THE BICYCLE KICK(originator disputed) - bicycle kick or scissor kick is a physical move made by throwing the body up into the air, making a shearing movement with the legs to get one leg in front of the other without holding on to the ground.  The move can either be done backwards or sideways. Performed in ball games, when the move is done with one leg high over the head to reach the ball (located in the original head height).According to Inverting The Pyramid by Jonathan Wilson “the bicycle-kick was invented in Peru in the late nineteenth century; most seem to credit Ramón Unzaga Asla, a native of Bilbao who emigrated to Chile and first used it in 1914 (hence the use of term chilena throughout Spanish-speaking South America, unless that refers to David Arellano, a Chilean who popularised the technique on a tour of Spain in 1920); while others follow Leônidas, the Brazilian forward of the thirties, in attributing it to Petronilho de Brito. Weirdly, the former Aston Villa chairman Doug Ellis also claimed to have invented the bicycle-kick, even though he never played football to any  level and was not born until  ten years after  the  first record of Unzaga performing  the  trick.”

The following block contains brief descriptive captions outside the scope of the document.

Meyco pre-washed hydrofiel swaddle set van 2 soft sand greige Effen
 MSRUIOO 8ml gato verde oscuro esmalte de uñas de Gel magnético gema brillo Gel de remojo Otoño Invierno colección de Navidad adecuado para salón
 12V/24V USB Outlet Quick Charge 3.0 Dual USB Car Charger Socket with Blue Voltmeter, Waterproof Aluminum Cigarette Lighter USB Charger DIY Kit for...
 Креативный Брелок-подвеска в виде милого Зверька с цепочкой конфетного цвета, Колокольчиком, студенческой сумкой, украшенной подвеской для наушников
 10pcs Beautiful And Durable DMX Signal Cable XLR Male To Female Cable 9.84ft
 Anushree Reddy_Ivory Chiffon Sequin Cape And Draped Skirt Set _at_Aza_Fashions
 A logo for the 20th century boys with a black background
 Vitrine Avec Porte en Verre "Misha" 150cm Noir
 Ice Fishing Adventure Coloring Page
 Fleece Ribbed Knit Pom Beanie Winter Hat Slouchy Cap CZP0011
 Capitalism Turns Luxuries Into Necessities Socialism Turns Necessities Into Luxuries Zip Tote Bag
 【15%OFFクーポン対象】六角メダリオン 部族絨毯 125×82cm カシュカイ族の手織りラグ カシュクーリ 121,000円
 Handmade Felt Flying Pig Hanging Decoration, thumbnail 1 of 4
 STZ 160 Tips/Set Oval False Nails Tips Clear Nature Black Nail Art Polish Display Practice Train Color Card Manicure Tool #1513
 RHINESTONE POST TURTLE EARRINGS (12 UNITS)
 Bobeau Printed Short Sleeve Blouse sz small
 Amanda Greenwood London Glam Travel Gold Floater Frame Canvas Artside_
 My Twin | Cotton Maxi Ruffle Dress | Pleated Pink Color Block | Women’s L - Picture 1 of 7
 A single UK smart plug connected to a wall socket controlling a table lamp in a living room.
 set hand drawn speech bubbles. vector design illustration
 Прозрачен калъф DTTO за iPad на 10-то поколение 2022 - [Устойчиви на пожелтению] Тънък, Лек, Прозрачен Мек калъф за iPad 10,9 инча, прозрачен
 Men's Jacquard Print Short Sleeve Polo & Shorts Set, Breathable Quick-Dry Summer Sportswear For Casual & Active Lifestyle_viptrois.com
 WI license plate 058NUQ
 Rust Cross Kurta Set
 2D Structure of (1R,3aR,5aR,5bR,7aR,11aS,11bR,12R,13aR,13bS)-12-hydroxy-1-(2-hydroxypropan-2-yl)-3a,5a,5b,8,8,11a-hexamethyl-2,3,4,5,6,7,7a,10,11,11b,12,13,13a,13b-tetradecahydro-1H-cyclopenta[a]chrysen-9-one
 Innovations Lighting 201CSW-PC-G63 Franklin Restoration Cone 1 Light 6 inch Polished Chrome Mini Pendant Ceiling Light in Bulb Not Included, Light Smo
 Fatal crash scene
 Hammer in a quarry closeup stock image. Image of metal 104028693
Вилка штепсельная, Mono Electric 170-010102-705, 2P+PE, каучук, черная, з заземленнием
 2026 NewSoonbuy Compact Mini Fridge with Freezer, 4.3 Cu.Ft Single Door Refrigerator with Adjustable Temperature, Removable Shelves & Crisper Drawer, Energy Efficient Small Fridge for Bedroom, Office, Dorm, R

MARIANELLA/THE VOLLEYED BACK-HEEL(Juan Evaristo) - Imagine a back-hell but only in mid-air. Evaristo and his brother Mario became the first siblings to appear in the world-cup final.

Awana Diab

Special mention goes to Awana Diab who scored the final goal for the United Arab Emirates in their 6-2 win over Lebanon by back-heeling the ball into the back of the net from the penalty spot. I have yet to see another player try his penalty that’s why I didn’t put him in.

According to Charles H. Duell(Commissioner, U.S. patent office, 1899) or The Book of Facts and Fallacies" by Chris Morgan and David Langford (1981), “Everything that can be invented has been invented”. They all said this in the 1980’s but look at society now. I look forward to footballers of my generation like Pogba to invent more footballing techniques.